Il résulte de l’instruction que Mme A… justifie de l’ancrage de sa vie privée et familiale sur le territoire, la requérante étant mère de deux enfants, tous deux de nationalité française et nés à Mayotte, en 2022 d’une première union avec un compatriote et en 2024 d’une seconde union avec un ressortissant français avec lequel elle est mariée religieusement selon ses déclarations à la barre. Elle justifie de leur contribution effective à l’entretien et à l’éducation de ses enfants. En outre, elle démontre sa présence ancienne et continue sur l’île, par la production de ses certificats de scolarité de la grande section à l’année de terminale à l’issue de laquelle elle a obtenu son baccalauréat technologique spécialité « gestion et finance ». Par ailleurs, Mme A… justifie également de la présence de sa mère, titulaire d’une carte de séjour pluriannuelle en cours de validité ainsi que de la présence de ses demi-sœurs, l’une étant de nationalité française et l’autre, étant titulaire d’un document de circulation pour étranger mineur. Dans ces conditions, les moyens tirés de la méconnaissance des dispositions des articles L. 423-7, L. 423-8 du code de l’entrée et du séjour des étrangers et du droit d’asile, des stipulations de l’article 8 de la convention européenne de sauvegarde des droits de l’homme et des libertés fondamentales, de l’article 3-1 de la convention internationale relative aux droits de l’enfant et de l’erreur manifeste d’appréciation sont propres à créer, en l’état de l’instruction, un doute sérieux quant à la légalité de la décision contestée. Il y a lieu, dans les circonstances de l’espèce, de suspendre les effets de la décision litigieuse.

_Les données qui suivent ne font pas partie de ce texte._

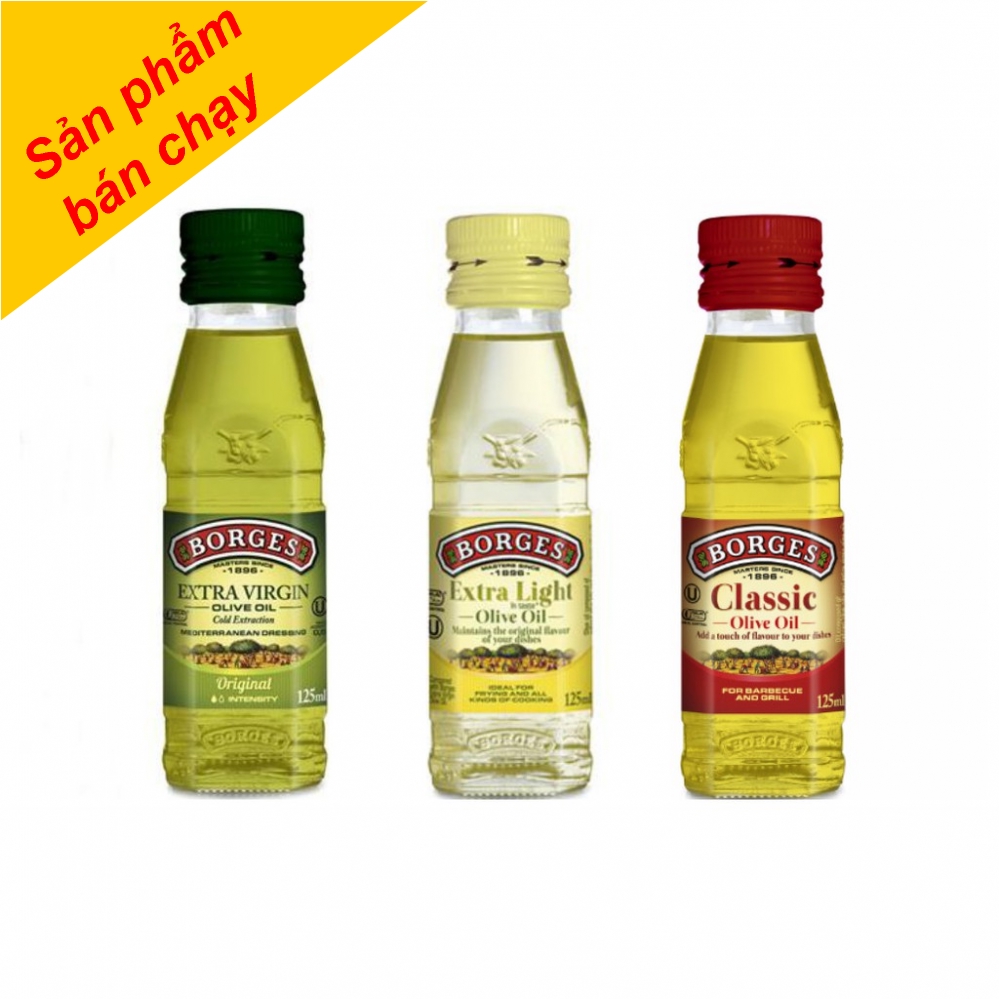 Dầu Oliu Nguyên Chất Hiệu Borges 125ml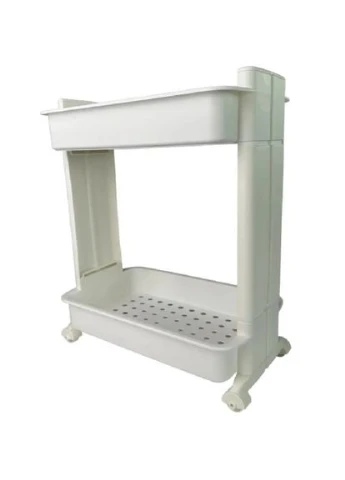 Полка-органайзер двухъярусная на колесах (MR-02) Motek 2236017357 (380881568)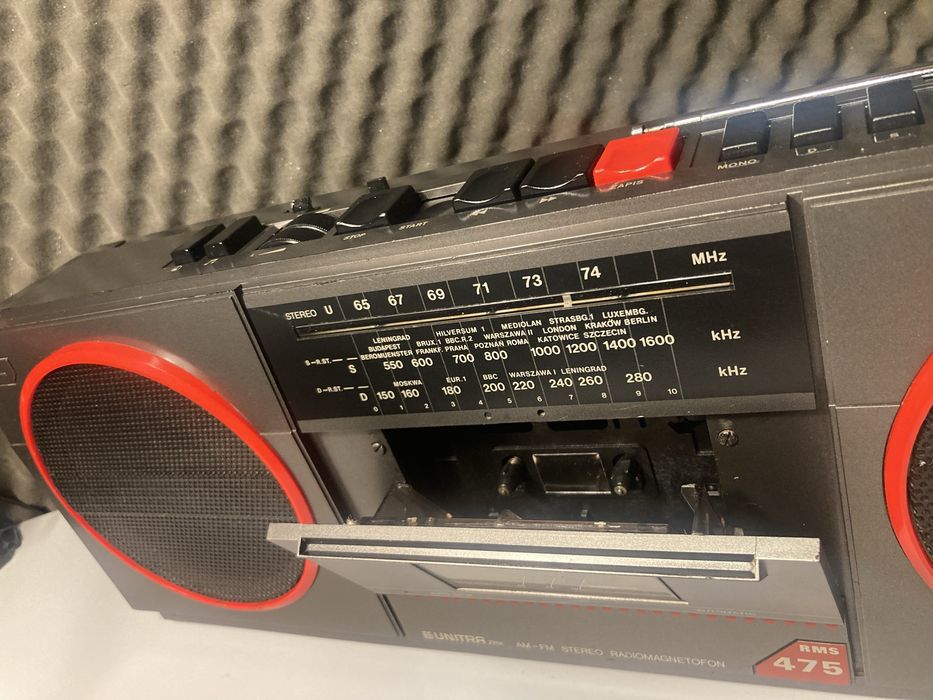 Unitra ZRK RMS 475 Radiomagnetofon Kasprzak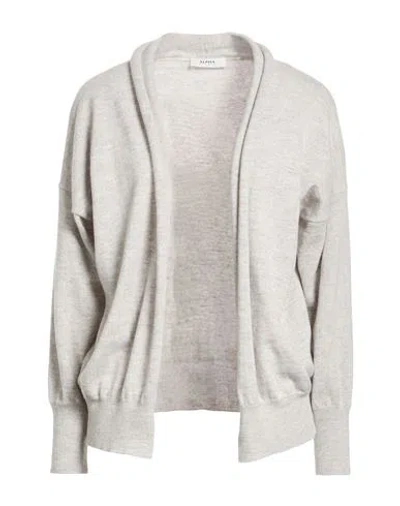 Alpha Studio Woman Cardigan Light Grey Size 8 Wool, Cashmere In Gray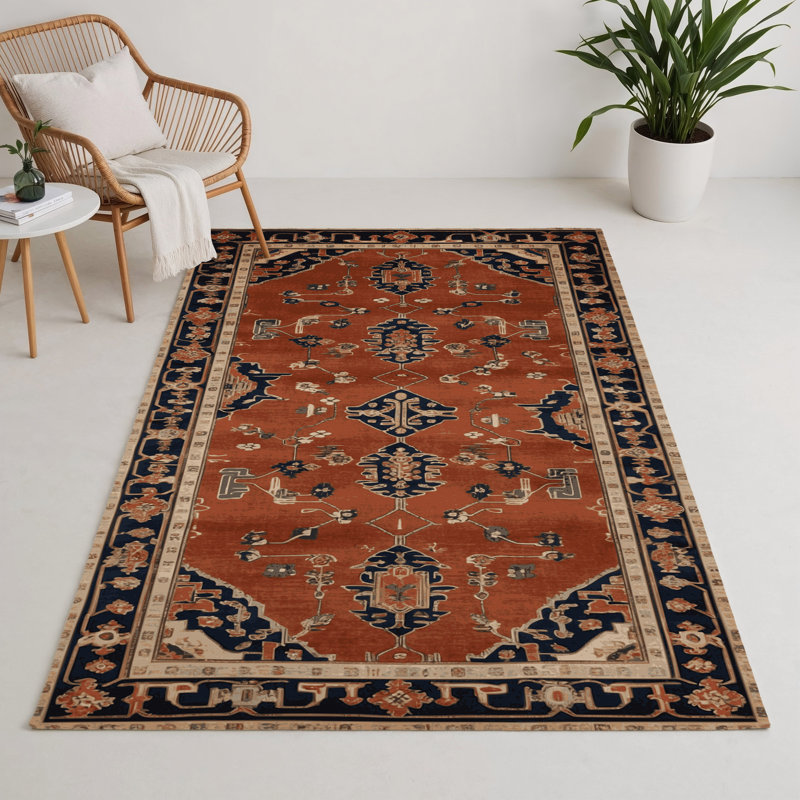 Tapis intérieur et extérieur ArtDeco, Rectangle 9 pi x 12 pi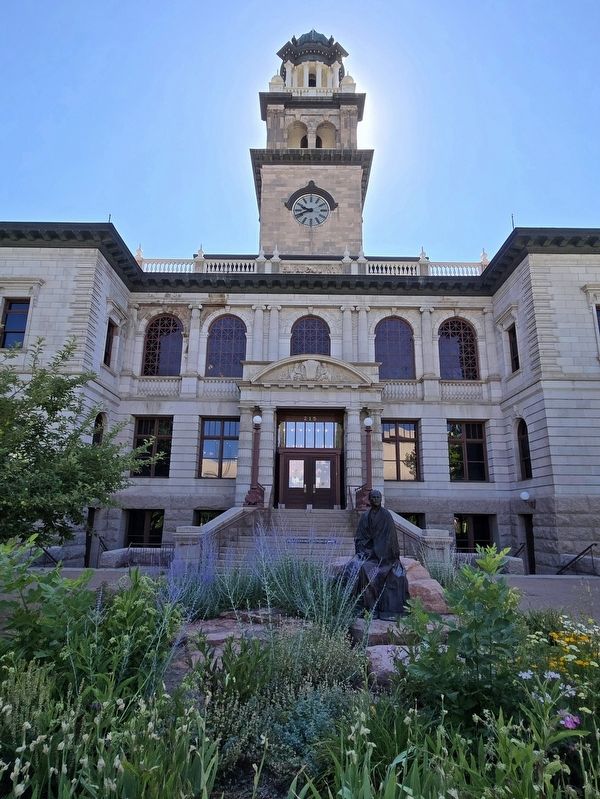 Katherine Lee Bates Statue. Click for full size. Katherine Lee Bates Statue image. Click for full size.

La présente ordonnance implique nécessairement, en application des dispositions de l’article L. 911-1 du code de justice administrative, que le préfet de Mayotte délivre à Mme A… une autorisation provisoire de séjour l’autorisant à travailler. Il y a donc lieu d’enjoindre au préfet de procéder à cette mesure d’exécution, dans un délai de huit jours à compter de la notification de l’ordonnance à intervenir.

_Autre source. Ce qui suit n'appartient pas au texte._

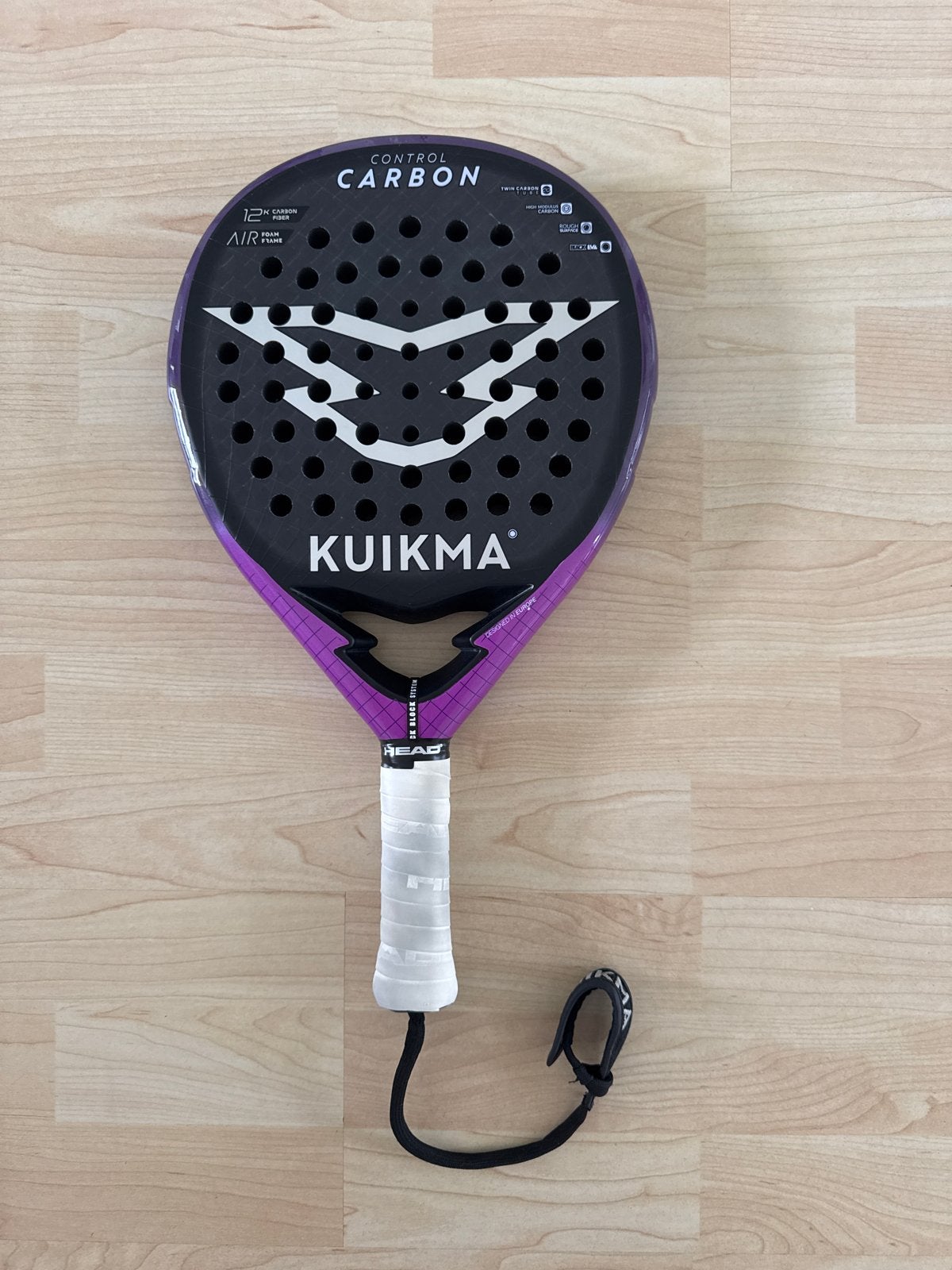 Kuikma Control Carbon Padel Racket - Zo goed als nieuw, Ophalen of Verzenden, Zo goed als nieuw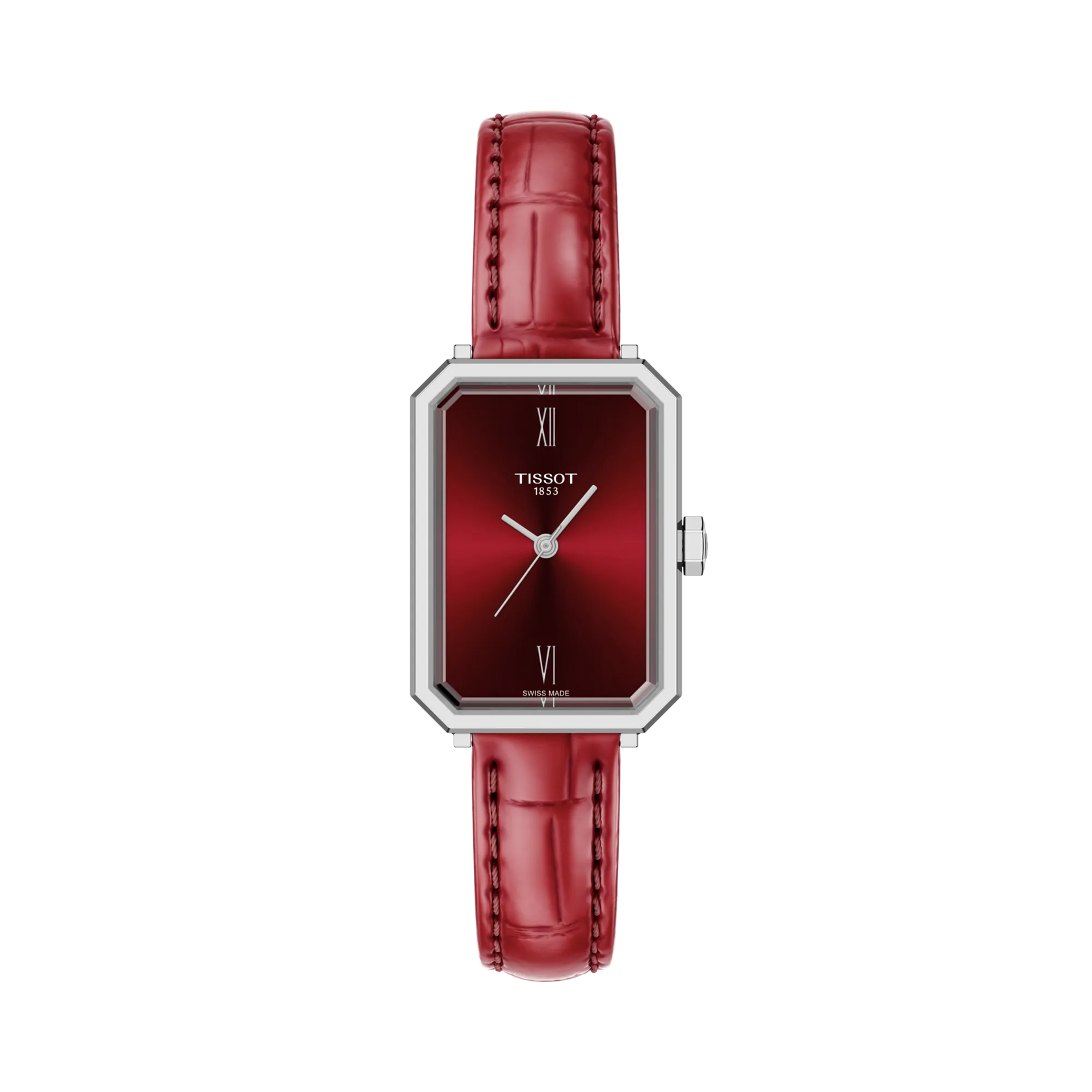 Front view of the watch Tissot SRV 30mm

Sur les frais liés au litige :
Dans les circonstances de l’espèce, il y a lieu de faire application des dispositions de l’article L. 761-1 du code de justice administrative et de condamner l’Etat à verser à Mme A… une somme de 800 euros au titre des frais exposés par lui et non compris dans les dépens.
O R D O N N E :
Article 1er : La décision par laquelle le préfet de Mayotte a implicitement rejeté sa demande de délivrance d’un titre de séjour, présentée le 13 mars 2025, est suspendue jusqu’à ce que le tribunal se prononce au fond sur sa légalité.
Article 2 : Il est enjoint au préfet de Mayotte de délivrer à Mme A… une autorisation provisoire de séjour l’autorisant à travailler, dans un délai de huit jours à compter de la mise à disposition de l’ordonnance au greffe du tribunal.
Article 3 : L’Etat versera à Mme A… la somme de 800 euros sur le fondement de l’article L. 761-1 du code de justice administrative.
Article 4 : La présente ordonnance sera notifiée à Mme C… A… et au préfet de Mayotte.
Copie en sera transmise au ministre de l’intérieur et des outre-mer.
Fait à Mamoudzou, le 17 décembre 2025.
La juge des référés,
KHATER
La République mande et ordonne au préfet de Mayotte en ce qui le concerne ou à tous commissaires de justice à ce requis en ce qui concerne les voies de droit commun contre les parties privées, de pourvoir à l’exécution de la présente décision.